(Data excerpts Opens)
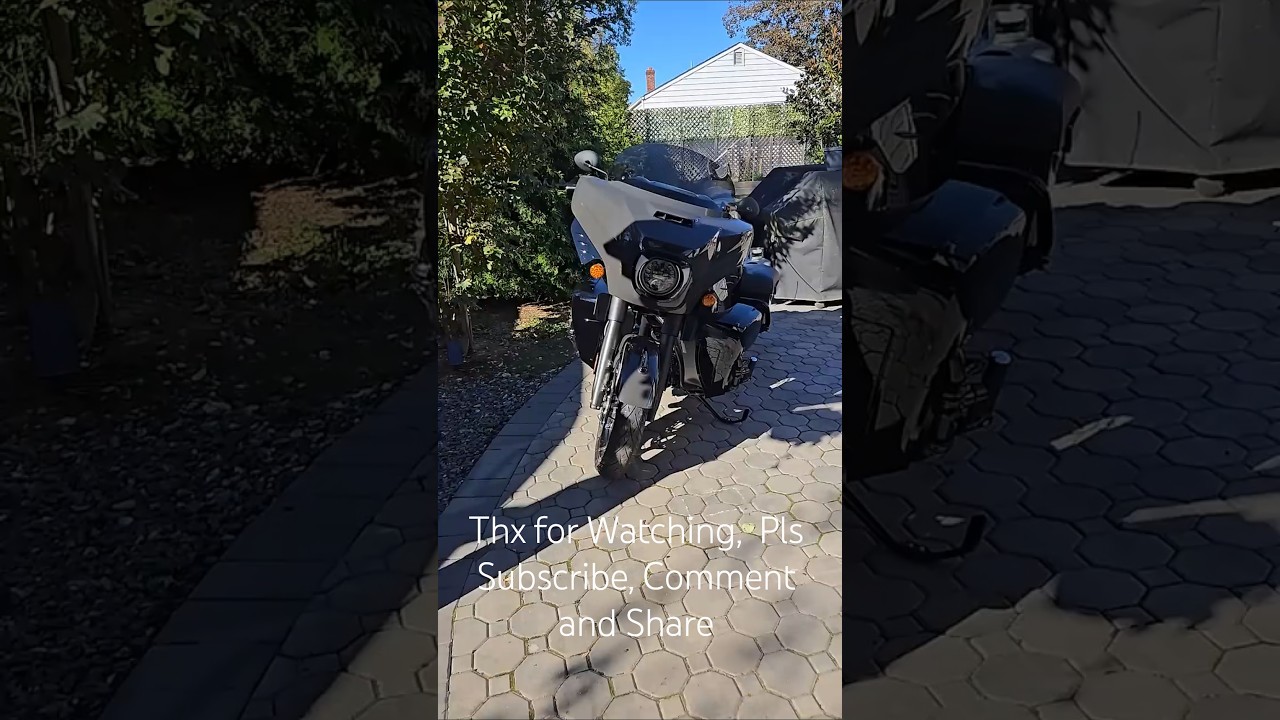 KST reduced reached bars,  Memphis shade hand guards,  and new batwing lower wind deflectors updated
(Data excerpts Closes)
(Data excerpts Opens)
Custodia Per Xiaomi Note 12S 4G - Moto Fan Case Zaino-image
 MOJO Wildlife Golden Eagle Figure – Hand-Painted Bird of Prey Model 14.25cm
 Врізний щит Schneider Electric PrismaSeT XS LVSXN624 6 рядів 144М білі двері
(Data excerpts Closes)
What is needed:
Start with the line above that contains "Custodia Per Xiaomi" and end with the line that contains "Врізний щит Schneider". Write out those lines exactly, and only those.

Answer box:
Custodia Per Xiaomi Note 12S 4G - Moto Fan Case Zaino-image
 MOJO Wildlife Golden Eagle Figure – Hand-Painted Bird of Prey Model 14.25cm
 Врізний щит Schneider Electric PrismaSeT XS LVSXN624 6 рядів 144М білі двері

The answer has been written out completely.